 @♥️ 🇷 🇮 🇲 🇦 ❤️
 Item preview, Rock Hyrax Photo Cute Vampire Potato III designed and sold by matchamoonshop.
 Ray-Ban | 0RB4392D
* * *
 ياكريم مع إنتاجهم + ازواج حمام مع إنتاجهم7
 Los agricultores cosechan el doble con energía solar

## What you have to do:
Look through the data above and return exactly the lines from the one that contains "Item preview, Rock" to the one that contains "Ray-Ban | 0RB4392D", inclusive, with nothing else.

## Solution:
 Item preview, Rock Hyrax Photo Cute Vampire Potato III designed and sold by matchamoonshop.
 Ray-Ban | 0RB4392D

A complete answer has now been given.